L'article L 1612-2 du CGCT dispose que le budget primitif des collectivités territoriales et de leurs groupements doit être adopté avant le 15 avril de l'exercice, ou avant le 30 avril l'année du renouvellement de l'organe délibérant. Les articles D 1612-1 et suivants listent les documents que le représentant de l'État doit transmettre aux collectivités locales avant l'adoption du budget. Si ces documents ont été communiqués après la date limite de vote des budgets primitifs prévue par la loi, les collectivités locales disposent d'un délai de 15 jours à compter de la communication de ces documents pour adopter leur budget primitif.
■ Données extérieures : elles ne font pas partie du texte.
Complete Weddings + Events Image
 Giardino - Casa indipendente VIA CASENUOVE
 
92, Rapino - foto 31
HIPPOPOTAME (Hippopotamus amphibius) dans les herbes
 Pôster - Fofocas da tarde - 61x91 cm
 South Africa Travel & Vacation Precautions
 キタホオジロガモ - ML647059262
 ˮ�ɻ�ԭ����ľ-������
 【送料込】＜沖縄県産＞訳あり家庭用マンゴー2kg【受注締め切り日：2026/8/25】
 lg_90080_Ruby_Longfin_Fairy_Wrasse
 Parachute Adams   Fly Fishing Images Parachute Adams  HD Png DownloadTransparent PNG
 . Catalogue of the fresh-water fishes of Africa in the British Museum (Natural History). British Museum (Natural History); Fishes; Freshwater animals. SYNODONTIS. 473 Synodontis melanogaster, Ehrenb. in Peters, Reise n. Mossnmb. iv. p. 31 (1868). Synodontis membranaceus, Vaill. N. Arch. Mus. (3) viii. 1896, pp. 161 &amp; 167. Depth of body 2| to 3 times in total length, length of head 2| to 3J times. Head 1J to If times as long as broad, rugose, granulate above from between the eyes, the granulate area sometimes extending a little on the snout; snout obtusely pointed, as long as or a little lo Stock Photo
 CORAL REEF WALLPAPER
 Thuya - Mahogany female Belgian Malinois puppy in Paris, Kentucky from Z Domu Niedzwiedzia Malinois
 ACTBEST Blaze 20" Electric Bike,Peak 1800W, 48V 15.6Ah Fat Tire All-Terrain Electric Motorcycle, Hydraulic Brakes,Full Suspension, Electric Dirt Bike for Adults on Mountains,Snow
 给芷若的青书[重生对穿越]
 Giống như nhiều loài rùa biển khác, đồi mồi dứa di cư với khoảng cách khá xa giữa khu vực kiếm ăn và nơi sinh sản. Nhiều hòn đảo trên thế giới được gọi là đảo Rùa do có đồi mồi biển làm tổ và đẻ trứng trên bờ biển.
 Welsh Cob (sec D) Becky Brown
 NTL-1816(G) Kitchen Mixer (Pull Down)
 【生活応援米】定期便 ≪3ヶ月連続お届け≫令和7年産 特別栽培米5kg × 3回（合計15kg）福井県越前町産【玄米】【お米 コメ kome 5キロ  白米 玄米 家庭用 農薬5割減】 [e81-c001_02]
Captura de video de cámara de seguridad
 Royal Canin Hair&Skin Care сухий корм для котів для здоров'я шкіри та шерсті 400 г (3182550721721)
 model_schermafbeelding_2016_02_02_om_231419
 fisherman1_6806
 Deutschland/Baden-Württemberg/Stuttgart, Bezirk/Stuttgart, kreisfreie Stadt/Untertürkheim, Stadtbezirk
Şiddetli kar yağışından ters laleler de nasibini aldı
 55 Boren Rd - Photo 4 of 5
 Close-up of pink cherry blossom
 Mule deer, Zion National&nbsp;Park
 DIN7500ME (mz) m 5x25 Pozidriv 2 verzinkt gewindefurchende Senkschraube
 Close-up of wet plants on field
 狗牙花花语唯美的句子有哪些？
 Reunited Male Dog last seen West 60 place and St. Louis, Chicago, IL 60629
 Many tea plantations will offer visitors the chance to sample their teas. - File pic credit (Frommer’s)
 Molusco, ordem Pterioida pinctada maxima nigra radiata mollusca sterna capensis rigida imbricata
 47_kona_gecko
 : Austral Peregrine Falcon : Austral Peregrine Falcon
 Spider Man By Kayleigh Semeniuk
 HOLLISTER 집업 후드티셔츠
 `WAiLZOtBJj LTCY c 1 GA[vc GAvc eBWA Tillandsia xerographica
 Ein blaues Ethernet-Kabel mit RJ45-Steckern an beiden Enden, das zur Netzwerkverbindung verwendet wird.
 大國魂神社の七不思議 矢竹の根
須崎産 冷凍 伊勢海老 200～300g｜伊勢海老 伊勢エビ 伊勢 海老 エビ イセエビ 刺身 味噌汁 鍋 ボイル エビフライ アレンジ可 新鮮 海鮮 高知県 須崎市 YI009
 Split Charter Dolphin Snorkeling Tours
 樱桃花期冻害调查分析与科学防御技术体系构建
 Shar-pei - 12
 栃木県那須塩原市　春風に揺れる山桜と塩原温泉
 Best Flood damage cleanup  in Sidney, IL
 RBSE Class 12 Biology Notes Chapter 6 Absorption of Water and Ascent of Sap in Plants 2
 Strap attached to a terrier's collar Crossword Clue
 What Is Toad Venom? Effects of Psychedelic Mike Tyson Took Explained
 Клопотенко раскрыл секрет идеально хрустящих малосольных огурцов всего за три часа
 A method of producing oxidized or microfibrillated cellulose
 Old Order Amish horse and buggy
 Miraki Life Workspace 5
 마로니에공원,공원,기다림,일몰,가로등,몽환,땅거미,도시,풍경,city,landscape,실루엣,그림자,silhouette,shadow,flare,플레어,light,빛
Parmi les documents à communiquer aux collectivités locales figurent notamment un état prévisionnel des bases nettes de fiscalité locale, le montant prévisionnel des compensations d'exonérations de fiscalité locale, ainsi que le montant de chacune des composantes de la dotation globale de fonctionnement (DGF). En pratique, la date de transmission de ces documents aux collectivités locales n'est pas de nature à repousser la date limite de vote des budgets primitifs jusqu'à l'été. Pour ne prendre que la communication des montants de la DGF, ceux-ci ont été publiés le 2 avril 2021, le 6 avril 2020, le 3 avril 2019, le 3 avril 2018 et le 6 avril 2017. Le risque soulevé de glissement du calendrier de vote du budget primitif ne semble pas avéré.En outre, même en cas de retard dans la communication de ces documents, rien n'interdit à une collectivité locale d'adopter son budget primitif, puis d'adopter une décision modificative lorsque ces éléments sont connus. Certaines collectivités territoriales adoptent ainsi leur budget primitif dès le mois de décembre de l'exercice précédent ou le mois de janvier de l'exercice en cours (JO Sénat, 13.01.2022, question n° 22593, p. 222).